About this exercise: Every line of the material is to be given again exactly.

Source material:
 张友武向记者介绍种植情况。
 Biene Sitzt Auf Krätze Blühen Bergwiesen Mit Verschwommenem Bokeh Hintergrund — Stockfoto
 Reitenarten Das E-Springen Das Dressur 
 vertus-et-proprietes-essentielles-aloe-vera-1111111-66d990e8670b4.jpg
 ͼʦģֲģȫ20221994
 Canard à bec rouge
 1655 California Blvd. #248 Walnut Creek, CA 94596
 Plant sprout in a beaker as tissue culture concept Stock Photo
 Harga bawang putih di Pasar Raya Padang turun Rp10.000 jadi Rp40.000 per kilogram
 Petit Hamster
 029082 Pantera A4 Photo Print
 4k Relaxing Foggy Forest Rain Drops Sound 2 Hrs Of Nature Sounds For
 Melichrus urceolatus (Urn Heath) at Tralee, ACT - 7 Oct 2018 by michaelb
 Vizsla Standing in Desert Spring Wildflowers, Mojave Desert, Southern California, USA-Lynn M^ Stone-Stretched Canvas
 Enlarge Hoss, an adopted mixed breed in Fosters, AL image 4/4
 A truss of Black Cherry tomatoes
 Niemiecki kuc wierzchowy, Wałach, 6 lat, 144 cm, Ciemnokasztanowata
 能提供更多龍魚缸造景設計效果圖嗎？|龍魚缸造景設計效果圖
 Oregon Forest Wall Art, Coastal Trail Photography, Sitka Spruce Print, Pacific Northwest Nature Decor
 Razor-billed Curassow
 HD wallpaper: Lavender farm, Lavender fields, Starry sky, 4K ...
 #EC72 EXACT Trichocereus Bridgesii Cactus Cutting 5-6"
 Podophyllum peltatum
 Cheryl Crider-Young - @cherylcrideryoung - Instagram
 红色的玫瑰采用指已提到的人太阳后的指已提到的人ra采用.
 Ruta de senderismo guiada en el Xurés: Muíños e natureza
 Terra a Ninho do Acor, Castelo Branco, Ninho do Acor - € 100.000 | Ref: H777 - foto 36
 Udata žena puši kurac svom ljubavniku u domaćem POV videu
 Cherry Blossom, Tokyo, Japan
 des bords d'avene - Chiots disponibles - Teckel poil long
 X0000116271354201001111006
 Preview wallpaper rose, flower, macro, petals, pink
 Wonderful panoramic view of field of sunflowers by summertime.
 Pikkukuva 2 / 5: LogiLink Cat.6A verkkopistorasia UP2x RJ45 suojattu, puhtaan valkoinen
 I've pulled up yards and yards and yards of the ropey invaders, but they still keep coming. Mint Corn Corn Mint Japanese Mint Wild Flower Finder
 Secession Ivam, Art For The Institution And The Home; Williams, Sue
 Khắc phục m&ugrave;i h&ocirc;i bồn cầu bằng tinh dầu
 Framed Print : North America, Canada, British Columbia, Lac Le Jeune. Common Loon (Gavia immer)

Task response:
 张友武向记者介绍种植情况。
 Biene Sitzt Auf Krätze Blühen Bergwiesen Mit Verschwommenem Bokeh Hintergrund — Stockfoto
 Reitenarten Das E-Springen Das Dressur 
 vertus-et-proprietes-essentielles-aloe-vera-1111111-66d990e8670b4.jpg
 ͼʦģֲģȫ20221994
 Canard à bec rouge
 1655 California Blvd. #248 Walnut Creek, CA 94596
 Plant sprout in a beaker as tissue culture concept Stock Photo
 Harga bawang putih di Pasar Raya Padang turun Rp10.000 jadi Rp40.000 per kilogram
 Petit Hamster
 029082 Pantera A4 Photo Print
 4k Relaxing Foggy Forest Rain Drops Sound 2 Hrs Of Nature Sounds For
 Melichrus urceolatus (Urn Heath) at Tralee, ACT - 7 Oct 2018 by michaelb
 Vizsla Standing in Desert Spring Wildflowers, Mojave Desert, Southern California, USA-Lynn M^ Stone-Stretched Canvas
 Enlarge Hoss, an adopted mixed breed in Fosters, AL image 4/4
 A truss of Black Cherry tomatoes
 Niemiecki kuc wierzchowy, Wałach, 6 lat, 144 cm, Ciemnokasztanowata
 能提供更多龍魚缸造景設計效果圖嗎？|龍魚缸造景設計效果圖
 Oregon Forest Wall Art, Coastal Trail Photography, Sitka Spruce Print, Pacific Northwest Nature Decor
 Razor-billed Curassow
 HD wallpaper: Lavender farm, Lavender fields, Starry sky, 4K ...
 #EC72 EXACT Trichocereus Bridgesii Cactus Cutting 5-6"
 Podophyllum peltatum
 Cheryl Crider-Young - @cherylcrideryoung - Instagram
 红色的玫瑰采用指已提到的人太阳后的指已提到的人ra采用.
 Ruta de senderismo guiada en el Xurés: Muíños e natureza
 Terra a Ninho do Acor, Castelo Branco, Ninho do Acor - € 100.000 | Ref: H777 - foto 36
 Udata žena puši kurac svom ljubavniku u domaćem POV videu
 Cherry Blossom, Tokyo, Japan
 des bords d'avene - Chiots disponibles - Teckel poil long
 X0000116271354201001111006
 Preview wallpaper rose, flower, macro, petals, pink
 Wonderful panoramic view of field of sunflowers by summertime.
 Pikkukuva 2 / 5: LogiLink Cat.6A verkkopistorasia UP2x RJ45 suojattu, puhtaan valkoinen
 I've pulled up yards and yards and yards of the ropey invaders, but they still keep coming. Mint Corn Corn Mint Japanese Mint Wild Flower Finder
 Secession Ivam, Art For The Institution And The Home; Williams, Sue
 Khắc phục m&ugrave;i h&ocirc;i bồn cầu bằng tinh dầu
 Framed Print : North America, Canada, British Columbia, Lac Le Jeune. Common Loon (Gavia immer)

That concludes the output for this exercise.